Child care costs for a baby average almost $1,000 per month in the United States. And in some of the most expensive areas in the country, the cost is double the amount each month. If your potential employer has on-site childcare as an option, this may answer many of your child care concerns.
You will likely pay less than you would for other center-based care and your child will be at or near your place of work. This is incredibly important to many parents.
A Dependent Care Flexible Savings Account (DCFSA) is a pre-tax benefit account used to pay for eligible dependent care services for a child or adult dependent, while you and your spouse if married, are working, looking for work, or attending school full-time.
Can You Negotiate an Employee Benefits Package?
During your final interviews, you may have negotiated the salary for your position. Unless the company you are applying to has a strict defined benefits plan, you may be able to negotiate some benefits in your package too.

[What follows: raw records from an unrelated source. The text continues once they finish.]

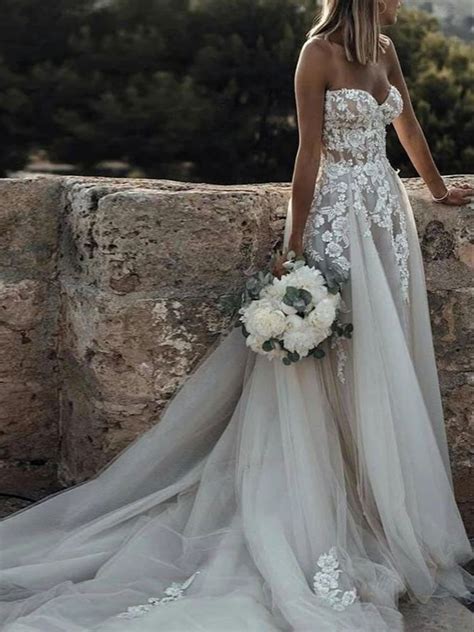 White Wedding Dress With Train Sleeveless Backless Lace Tulle Strapless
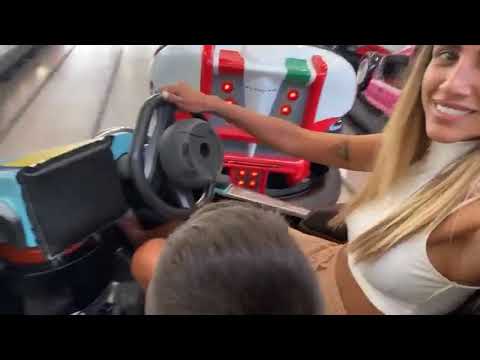 פאני בוזגלו משתעשעת במכוניות מתנגשות 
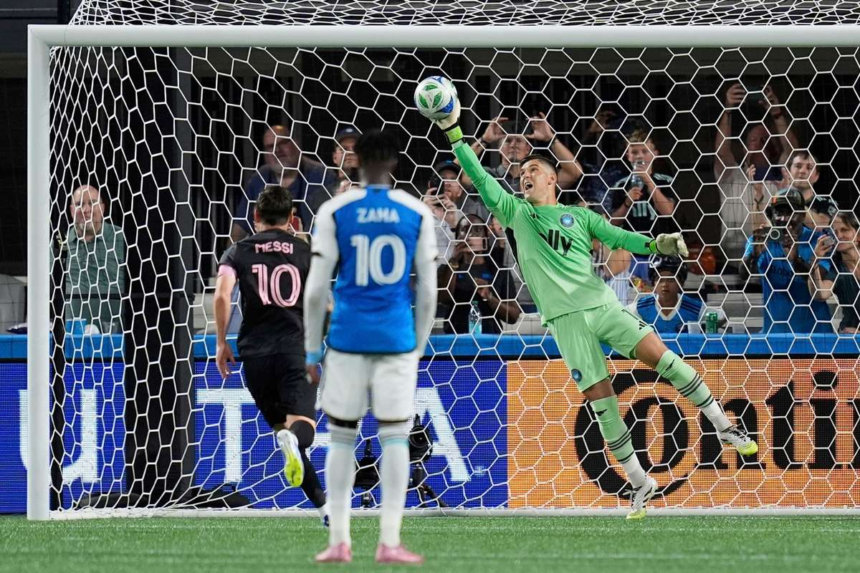 VIDEO Messi a ratat primul penalty din 2022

What matters most to you? If a flexible schedule means your child won’t have to be in daycare for many hours each week, that might be something you try to negotiate. And If you were only offered a week of paid vacation, ask for two and see how the employer responds.
If you’ve made it to the point where you are negotiating, they want you for the job. Do your homework on your benefits package and determine where you might ask for more than what you’re initially offered.
Perhaps there are other benefits or perks not offered which you could negotiate for; a cell phone, paid internet services, transportation allowance, or organization membership fees.
What is An Employee Benefits Package Worth to You?
Salary is important but taking time to look at the entire employee benefits package (and comparing them if you have more than one job offer) matters too.
Consider the total compensation you’ve been offered and look at the value of each benefit and how it will impact your budget, your day to day life, and your future.
And once you are employed make sure you don’t leave any benefits you’re eligible for on the table.